35 minutos depois da hora anunciada, Erykah Badu apareceu, vinda sabe-se lá de que planeta, para nos conceder a maior das dádivas: a sua presença. Com vestes que pareciam apropriar-se do imaginário de uma qualquer tribo indígena (real ou fantasiada, não importa), a autora de clássicos como Baduizm e Mama’s Gun destilou soul por todos os poros e a banda, eficaz e com o groove no sítio certo — o som do baixo, musculado e assertivo, saltou à vista –, cumpriu a mais complicada das missões: criar as condições certas para que a sua estrela brilhasse mais.

Os assobios ouvidos na espera pela cantora desvaneceram-se rapidamente no éter — as desculpas pelo atraso ajudaram — e a diva, como já há poucas, voou sobre nós com uma delicadeza e excelência que pareciam exigir o menor dos esforços, dividindo-se ainda por uma máquina de onde disparou beats esqueléticos que, muitas das vezes, serviram de preâmbulo para os seus temas — que foram de “Caint Use My Phone (Suite)” e “Hello”, ambas da sua mais recente mixtape, lançada em 2015, a “On & On” e “Appletree” do já referenciado (e reverenciado) disco de estreia.

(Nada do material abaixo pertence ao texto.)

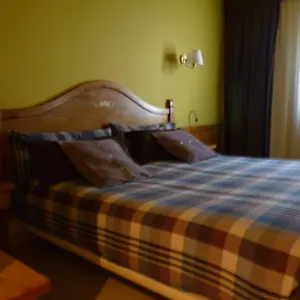 Petit Отель Пас-де-ла-Каса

Apesar de parecer que está sempre numa frequência diferente, não deixou de reparar nos drones (sugeriu que seriam da CIA e respondeu-lhes de dedo médio espetado em tom de desafio…) e ainda se mostrou comunicativa perante um público jovem que, para alguém que se importa tanto com energias e vibrações, é tão importante quanto beber água. O misticismo à volta de Miss Badu só se adensa ainda mais ao vivo e a sua prestação corrobora a velha máxima: boa música não fica enclausurada na época em que foi criada e editada.

O regresso do NOS Primavera Sound no próximo ano já tem data marcada: de 11 a 13 de Junho, o festival volta ao Parque da Cidade.